[[ Data to examine open ]]

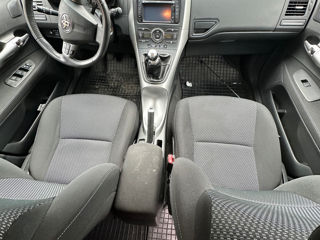 Toyota Auris foto 2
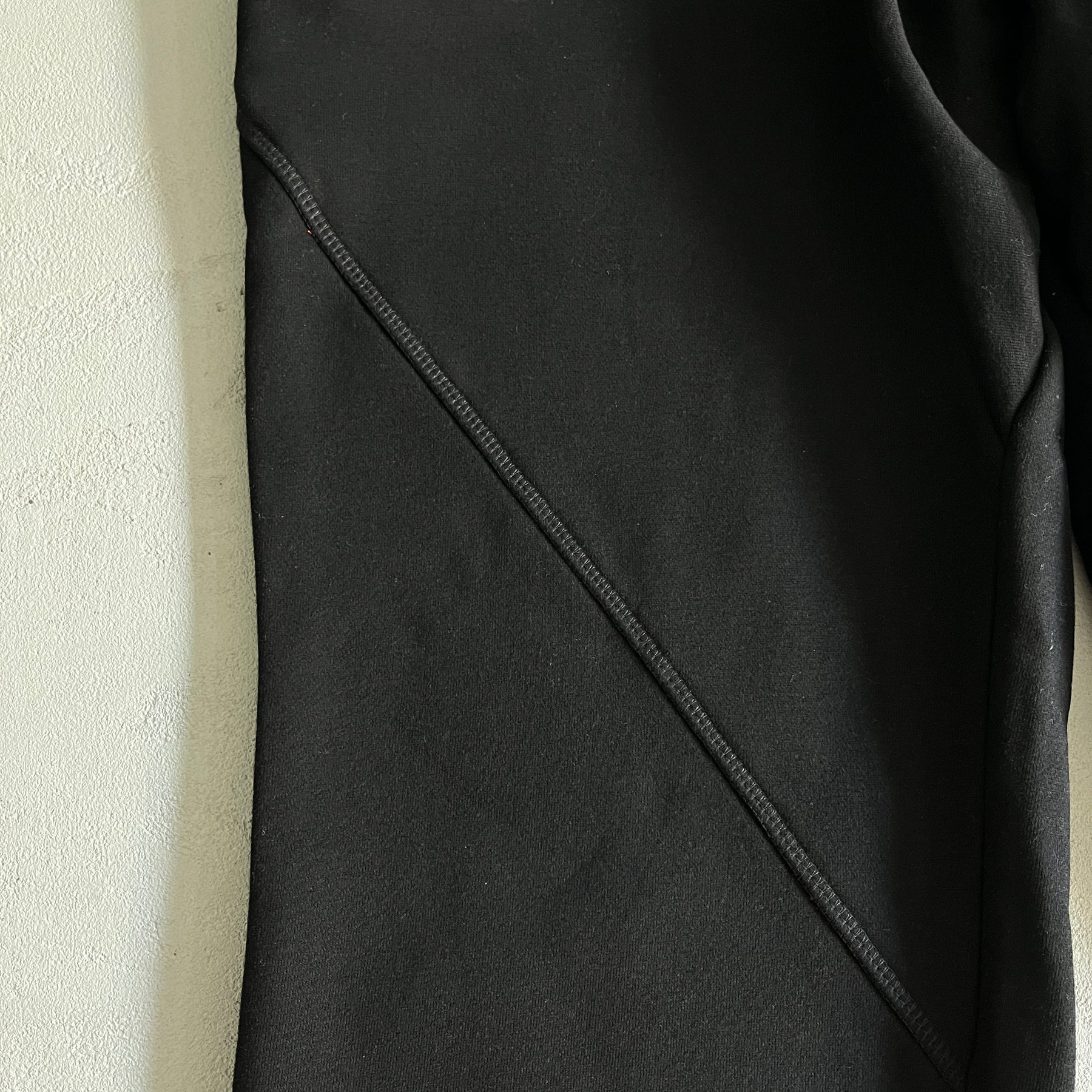 Conjunto Corteiz “Alcatraz Basic Crewneck”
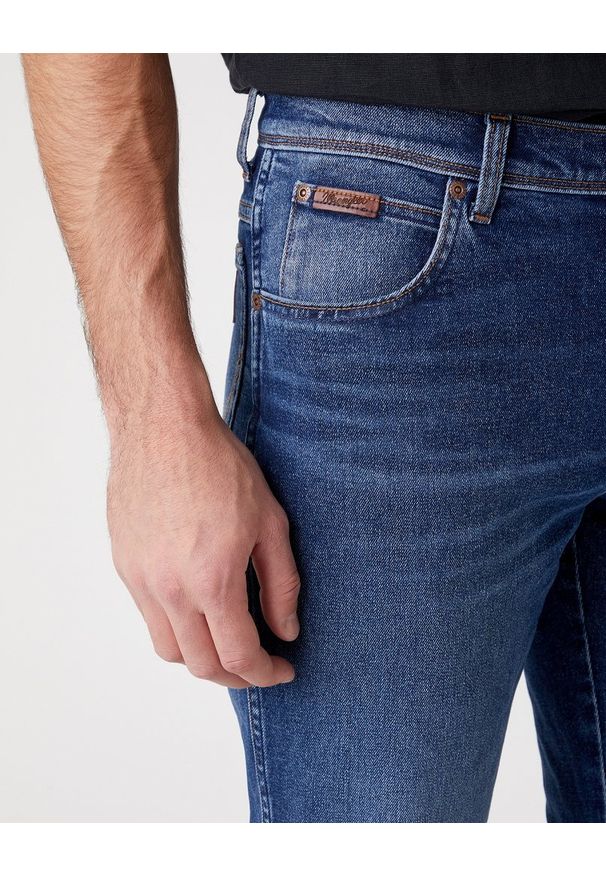 Wrangler - WRANGLER SPODNIE MĘSKIE TEXAS SLIM THE PRIME W12SU542R 112126520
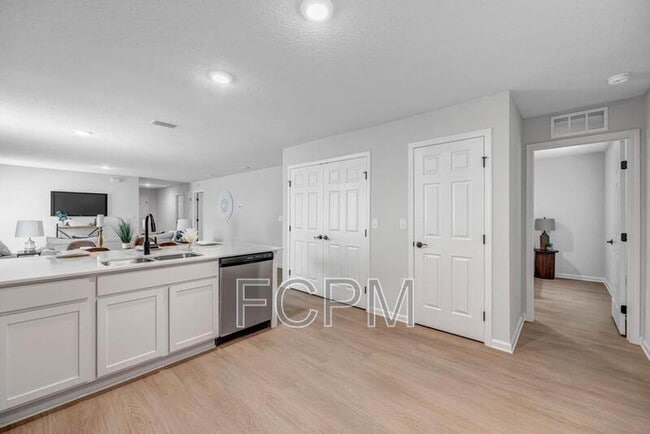 Building Photo - 5460 Amazon Ave
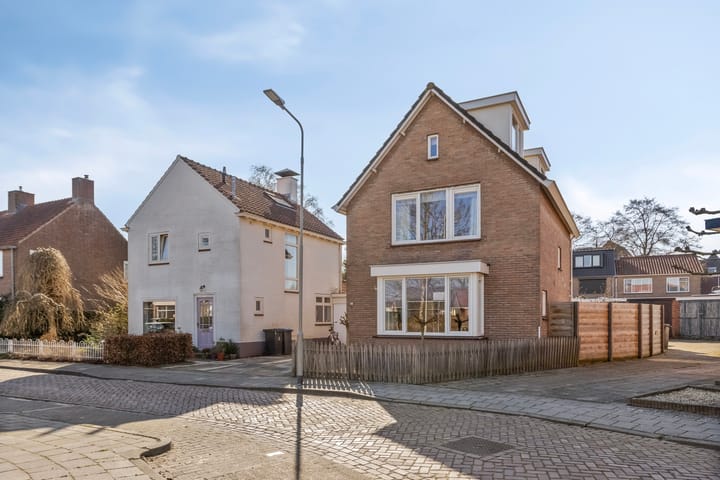 Leliestraat 5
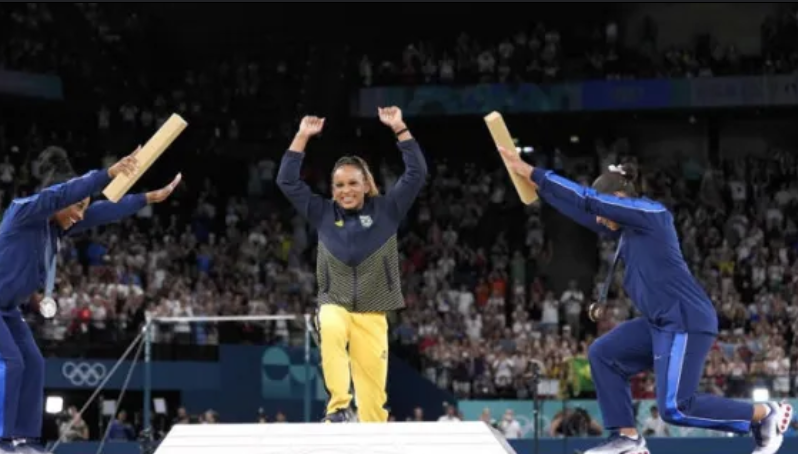 Reverencia de Simone Biles y Jordan Chiles a Rebeca Andrade divide opiniones en Juegos Olímpicos de París 2024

[[ Data to examine closed ]]

What is needed: Each entry above should be printed exactly, and any picture in it left out.

Completed task:
 Toyota Auris foto 2
 Conjunto Corteiz “Alcatraz Basic Crewneck”
 Wrangler - WRANGLER SPODNIE MĘSKIE TEXAS SLIM THE PRIME W12SU542R 112126520
 Building Photo - 5460 Amazon Ave
 Leliestraat 5
 Reverencia de Simone Biles y Jordan Chiles a Rebeca Andrade divide opiniones en Juegos Olímpicos de París 2024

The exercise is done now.